The defensive backfield would get one more lift during the week, however, as Adam Jones also chose to return on a one-year deal.  Jones spent 2011 getting back into the swing of football after neck and hamstring injuries, and will look to show off his first-round talent in 2012 both as a nickel back and punt returner.

Head spinning yet?

Then the Bengals added the running back everyone knew they needed in Patriot BenJarvus Green-Ellis.  BJGE gives the team a reliable and humble influence in the huddle.  The “Law Firm” has never fumbled in his entire NFL career, and excels in short-yardage and goal-to-go situations, two things Cedric Benson struggled with.  Sure, many of us were expecting Michael Bush in stripes, but the BJGE signing gives Jay Gruden’s offense more flexibility as a 3-down back, and allows the team to pursue their back-by-committee approach by adding another horse in the draft.

Next, the team was able to convince OT Anthony Collins to return to the club.  Again, many fans assumed he’d be gone—lured away by the promise of a starting job he so clearly deserves.  With no aggressive suitors for his services, Collins will be back as a valuable cover-driver at both tackle positions along the offensive line.

The team also announced the signing of DE Derrick Harvey, the guy expected to be drafted in 2008 before he was scooped up by Jacksonville.  While Harvey never provided the Jags with the type of pass rush prowess they expected, he should do well in Cincinnati’s rotation, along with another former first-rounder in DE Jamaal Anderson, formerly of the Falcons and Colts.  Anderson, much like Harvey, hasn’t produced the sacks he was expected to coming out of college, but nevertheless he should find some success as a replacement to Jonathan Fanene.  Like Fanene, Anderson can play end or tackle, and is stout against the run.  Plus, he’s younger with less of an injury history.

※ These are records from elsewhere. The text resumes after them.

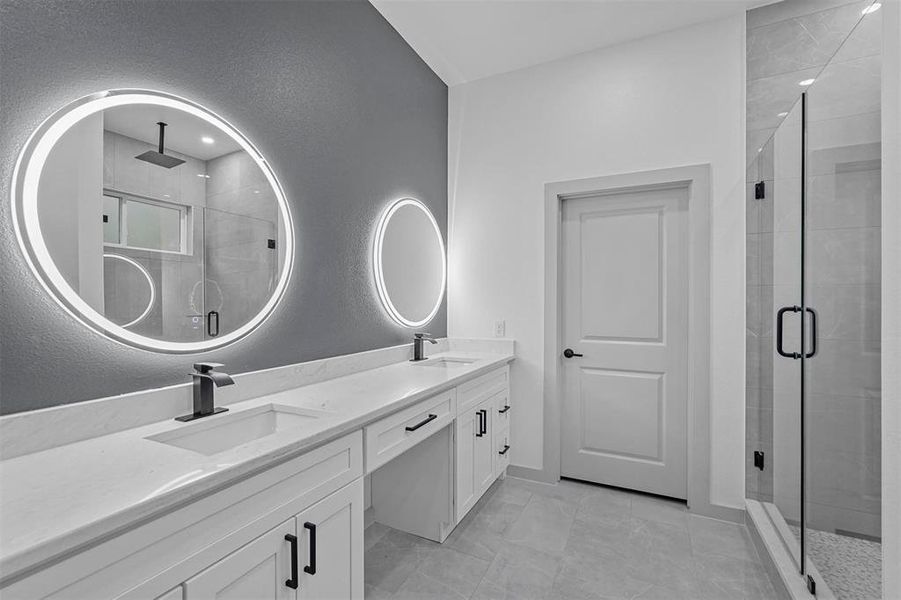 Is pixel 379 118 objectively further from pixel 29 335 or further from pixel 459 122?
pixel 29 335

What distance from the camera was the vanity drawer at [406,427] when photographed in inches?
54.7

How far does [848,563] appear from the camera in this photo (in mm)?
1325

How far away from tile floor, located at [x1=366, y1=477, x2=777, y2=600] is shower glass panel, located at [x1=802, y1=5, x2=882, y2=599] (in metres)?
0.49

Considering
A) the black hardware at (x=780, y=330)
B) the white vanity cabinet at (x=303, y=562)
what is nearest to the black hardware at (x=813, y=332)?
the black hardware at (x=780, y=330)

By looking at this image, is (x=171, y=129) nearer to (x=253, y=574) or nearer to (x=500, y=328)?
(x=253, y=574)

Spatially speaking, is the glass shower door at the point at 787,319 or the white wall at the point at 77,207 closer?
the white wall at the point at 77,207

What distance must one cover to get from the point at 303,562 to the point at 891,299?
5.38ft

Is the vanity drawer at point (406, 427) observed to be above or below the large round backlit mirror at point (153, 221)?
below

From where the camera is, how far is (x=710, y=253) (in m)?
2.34

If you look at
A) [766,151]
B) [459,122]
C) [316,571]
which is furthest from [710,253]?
[316,571]

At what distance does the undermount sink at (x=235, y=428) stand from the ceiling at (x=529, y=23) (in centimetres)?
223

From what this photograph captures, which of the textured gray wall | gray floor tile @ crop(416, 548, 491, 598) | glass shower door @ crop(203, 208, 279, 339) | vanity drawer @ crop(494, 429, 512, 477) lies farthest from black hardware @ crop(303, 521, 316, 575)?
vanity drawer @ crop(494, 429, 512, 477)

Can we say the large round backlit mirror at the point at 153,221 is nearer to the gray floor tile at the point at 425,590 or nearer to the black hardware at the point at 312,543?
the black hardware at the point at 312,543

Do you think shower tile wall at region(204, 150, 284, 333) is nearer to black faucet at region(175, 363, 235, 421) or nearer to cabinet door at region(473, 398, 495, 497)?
black faucet at region(175, 363, 235, 421) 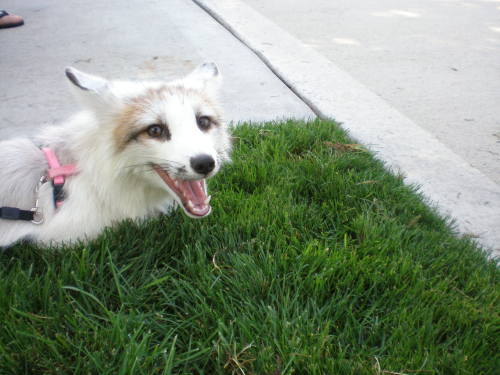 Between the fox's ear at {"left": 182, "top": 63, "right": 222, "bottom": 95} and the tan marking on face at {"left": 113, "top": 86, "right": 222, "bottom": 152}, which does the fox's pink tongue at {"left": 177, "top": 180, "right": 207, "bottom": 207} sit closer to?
the tan marking on face at {"left": 113, "top": 86, "right": 222, "bottom": 152}

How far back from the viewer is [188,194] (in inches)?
75.8

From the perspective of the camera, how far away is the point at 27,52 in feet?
16.0

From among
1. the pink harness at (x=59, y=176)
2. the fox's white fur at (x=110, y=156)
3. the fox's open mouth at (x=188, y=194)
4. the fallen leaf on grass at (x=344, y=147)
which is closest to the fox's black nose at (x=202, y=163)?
the fox's white fur at (x=110, y=156)

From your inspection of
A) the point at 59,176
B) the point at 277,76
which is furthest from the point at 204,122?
the point at 277,76

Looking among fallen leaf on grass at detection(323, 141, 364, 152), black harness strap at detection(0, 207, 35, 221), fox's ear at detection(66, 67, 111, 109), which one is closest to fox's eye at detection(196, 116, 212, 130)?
fox's ear at detection(66, 67, 111, 109)

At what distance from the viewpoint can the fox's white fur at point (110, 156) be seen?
1.82 m

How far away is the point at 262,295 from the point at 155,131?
2.77ft

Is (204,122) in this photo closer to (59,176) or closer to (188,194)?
(188,194)

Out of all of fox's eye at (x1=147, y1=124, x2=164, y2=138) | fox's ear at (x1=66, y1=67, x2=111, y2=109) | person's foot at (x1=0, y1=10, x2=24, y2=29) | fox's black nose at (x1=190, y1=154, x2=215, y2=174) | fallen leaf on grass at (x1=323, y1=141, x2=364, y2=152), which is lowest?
person's foot at (x1=0, y1=10, x2=24, y2=29)

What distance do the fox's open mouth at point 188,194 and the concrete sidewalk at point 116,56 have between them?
5.97 feet

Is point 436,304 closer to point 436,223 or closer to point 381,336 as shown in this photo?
point 381,336

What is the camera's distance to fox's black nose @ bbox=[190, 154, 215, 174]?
171 centimetres

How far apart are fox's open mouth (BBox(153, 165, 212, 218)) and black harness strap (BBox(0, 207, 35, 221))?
62 centimetres

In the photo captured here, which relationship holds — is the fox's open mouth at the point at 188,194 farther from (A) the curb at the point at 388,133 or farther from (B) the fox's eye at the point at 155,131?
(A) the curb at the point at 388,133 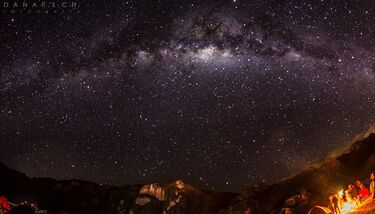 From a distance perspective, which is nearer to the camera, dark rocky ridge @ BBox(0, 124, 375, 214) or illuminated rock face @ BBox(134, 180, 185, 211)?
dark rocky ridge @ BBox(0, 124, 375, 214)

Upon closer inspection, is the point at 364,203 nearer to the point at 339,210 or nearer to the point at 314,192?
the point at 339,210

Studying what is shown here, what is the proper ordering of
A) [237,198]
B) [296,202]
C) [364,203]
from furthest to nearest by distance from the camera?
[237,198] → [296,202] → [364,203]

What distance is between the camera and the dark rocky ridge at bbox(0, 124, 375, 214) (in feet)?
193

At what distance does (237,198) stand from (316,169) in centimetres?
1570

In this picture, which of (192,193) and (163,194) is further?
(192,193)

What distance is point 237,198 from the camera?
71.5 metres

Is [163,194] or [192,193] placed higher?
[163,194]

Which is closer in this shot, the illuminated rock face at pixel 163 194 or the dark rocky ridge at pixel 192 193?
the dark rocky ridge at pixel 192 193

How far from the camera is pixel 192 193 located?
244ft

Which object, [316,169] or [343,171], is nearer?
[343,171]

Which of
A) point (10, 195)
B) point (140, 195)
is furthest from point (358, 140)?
point (10, 195)

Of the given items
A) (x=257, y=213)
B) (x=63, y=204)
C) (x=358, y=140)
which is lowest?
(x=257, y=213)

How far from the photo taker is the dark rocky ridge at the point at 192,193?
58922 mm

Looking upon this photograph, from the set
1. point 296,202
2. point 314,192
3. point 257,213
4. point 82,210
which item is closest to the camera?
point 296,202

Then late last night news came out that the Bengals convinced another of their young players, Pat Sims, to return.  Sims had a promising 2011 cut short by an ankle injury, and the middle of the Bengal defense suffered after he went down.  His return to that Bengal rotation is absolutely huge, and was another unexpectedly pleasing signing.

There are still some moves that may be left to be made in free agency.  The team could pursue bringing LB Manny Lawson and DE Donald Lee, as well as exploring another WR or DE/LB.

Taken in total, however, these moves have been absolutely huge.

At best, they constitute a clear improvement at every position.  At worst, one might say it was nothing more than a wash.  I tend to believe the former.

All this, and the Bengals still have the draft ahead of them.  A draft in which they’ll have 4 picks in the first 85 selections, and 8 picks in the first 6 rounds.  Not to mention two recently-hired  full time scouts added to the personnel department.

What’s next?  The indoor practice facility?

There is no doubt that it’s been an exciting spring so far.  Whatever has possessed the fine folks at One Paul Brown Stadium, I hope it continues.



  1. I am loving this strange, new course the Bengals are taking. It really feels like an actual NFL franchise.

    Items remaining:
    – An actual G.M. (one that does not work in the Owner’s office)
    – Even more scouts
    – A practice bubble

    I love that the list is not as long as it used to be!

  2. It does seem Mike Brown has turned it around this offseason. Waited and then acted. Almost like a smart business man.